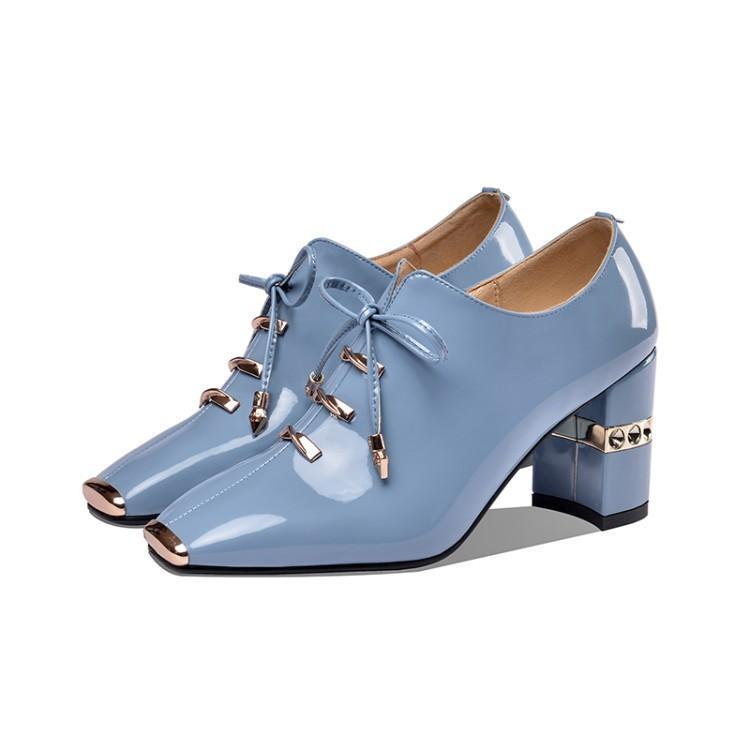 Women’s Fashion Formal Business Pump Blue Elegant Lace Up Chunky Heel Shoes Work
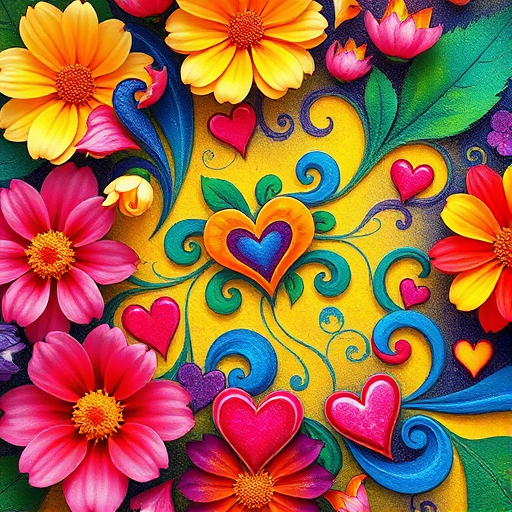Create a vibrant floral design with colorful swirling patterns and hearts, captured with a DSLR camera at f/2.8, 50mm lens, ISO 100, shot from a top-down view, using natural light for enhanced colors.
* * * * * * *
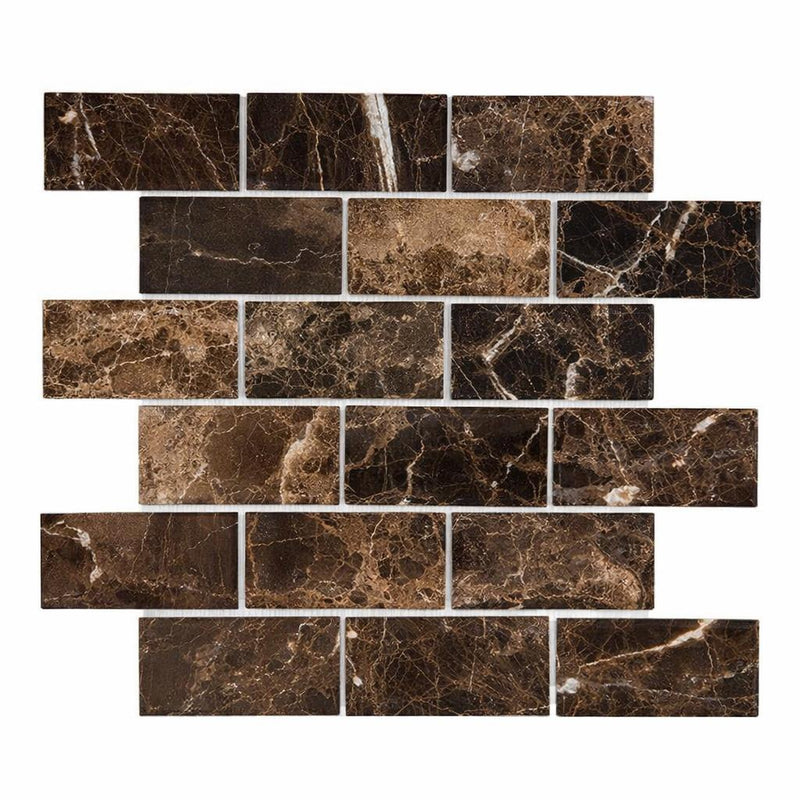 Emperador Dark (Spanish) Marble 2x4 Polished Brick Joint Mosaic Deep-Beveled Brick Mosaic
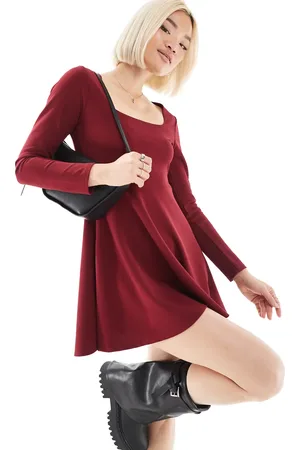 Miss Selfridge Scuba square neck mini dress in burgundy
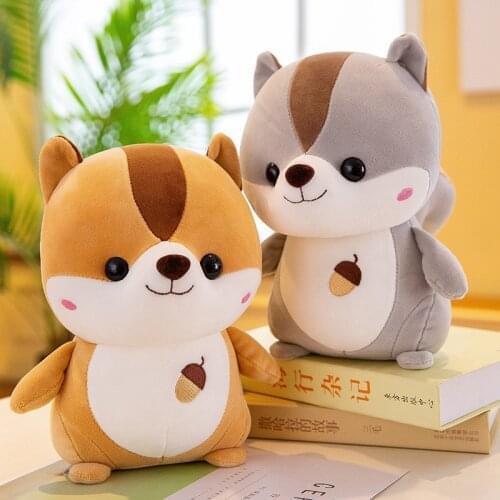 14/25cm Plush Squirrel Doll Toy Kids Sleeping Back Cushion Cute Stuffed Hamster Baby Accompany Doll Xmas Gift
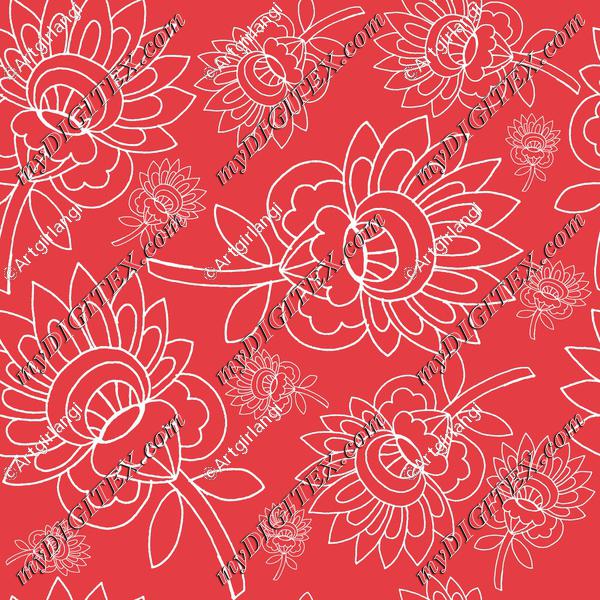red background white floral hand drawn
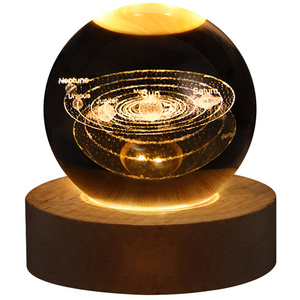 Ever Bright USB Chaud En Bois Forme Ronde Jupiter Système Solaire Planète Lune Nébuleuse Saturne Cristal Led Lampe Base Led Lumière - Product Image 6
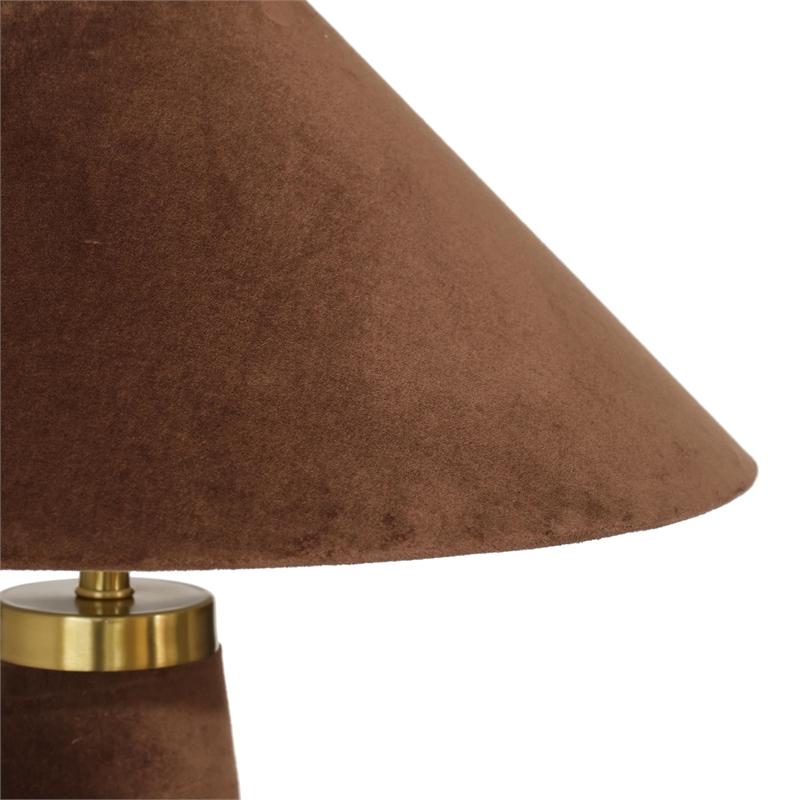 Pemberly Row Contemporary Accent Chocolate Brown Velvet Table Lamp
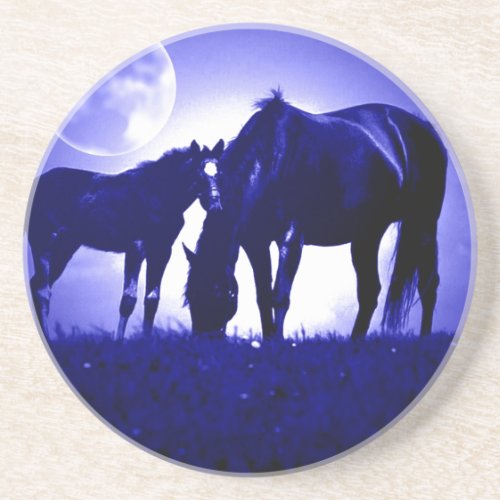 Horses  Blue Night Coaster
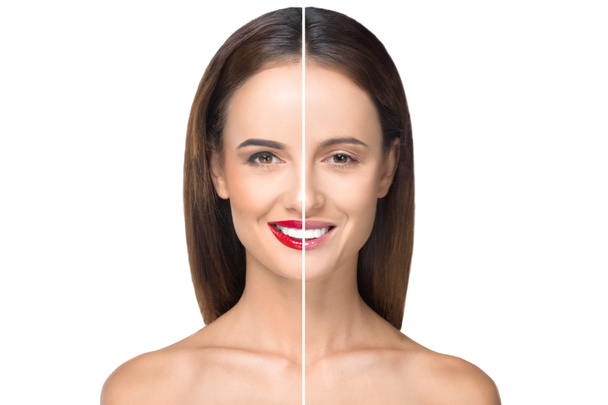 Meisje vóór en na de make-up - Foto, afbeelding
* * * * * * *
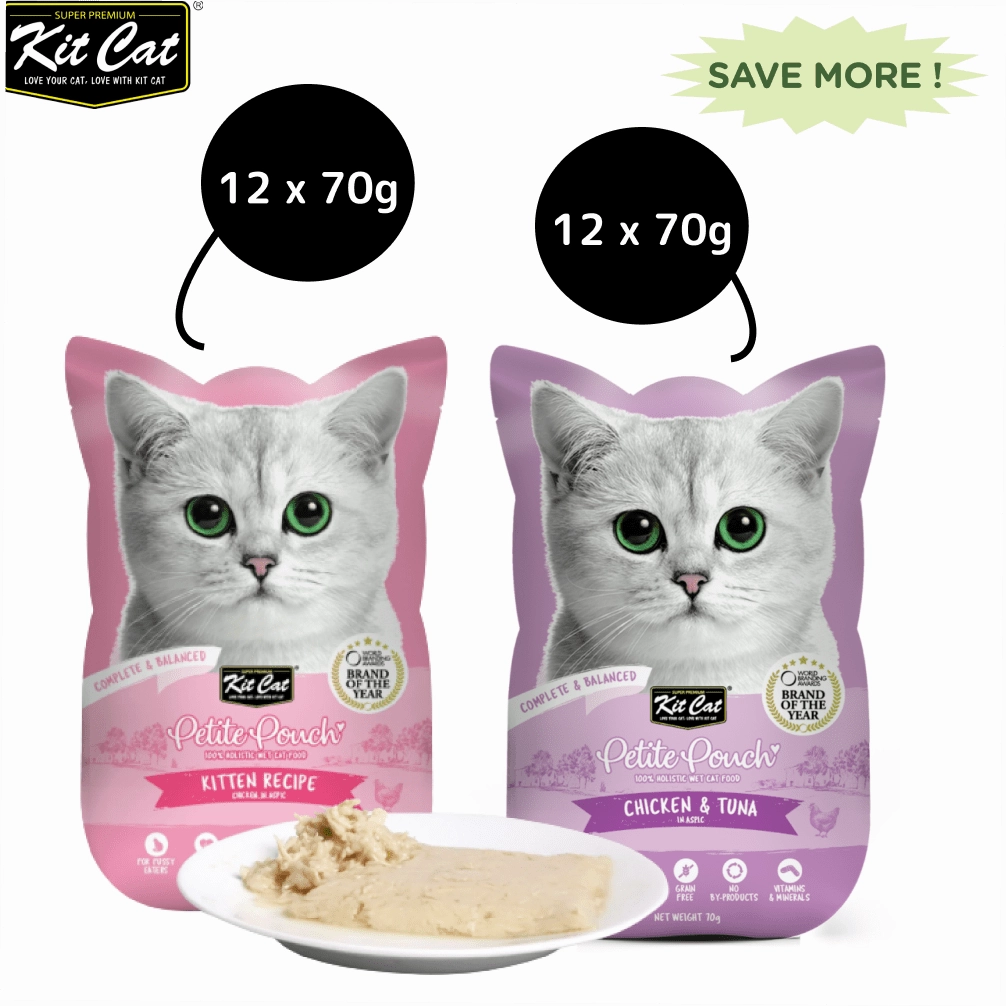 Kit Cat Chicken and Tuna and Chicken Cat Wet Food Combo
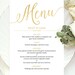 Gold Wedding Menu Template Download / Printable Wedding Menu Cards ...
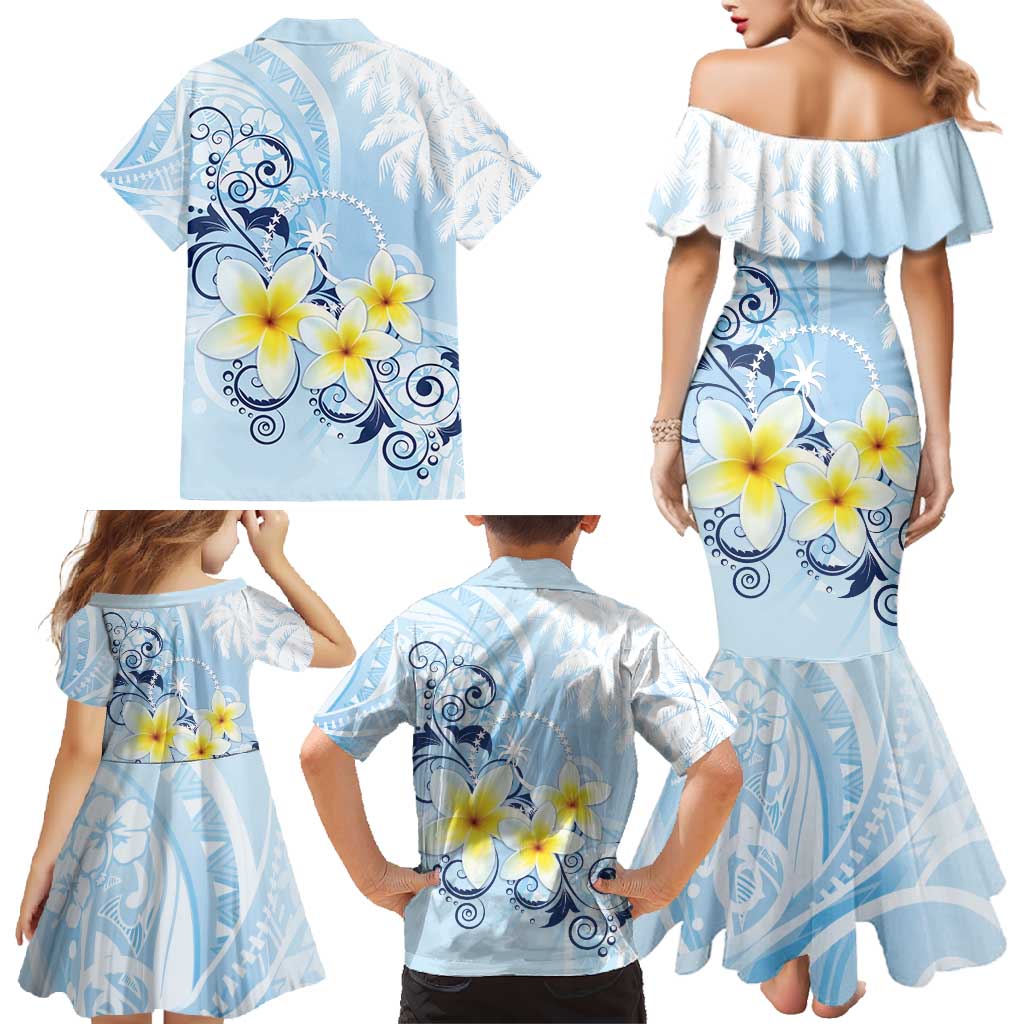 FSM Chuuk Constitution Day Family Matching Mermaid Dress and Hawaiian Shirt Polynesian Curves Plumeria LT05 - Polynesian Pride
* * * * * * *
### Problem description
What lines above run from the one with "Gold Wedding Menu" to the one with "FSM Chuuk Constitution"? Give them again exactly, ends included, and leave the pictures out.

### Exercise result
 Gold Wedding Menu Template Download / Printable Wedding Menu Cards ...
 FSM Chuuk Constitution Day Family Matching Mermaid Dress and Hawaiian Shirt Polynesian Curves Plumeria LT05 - Polynesian Pride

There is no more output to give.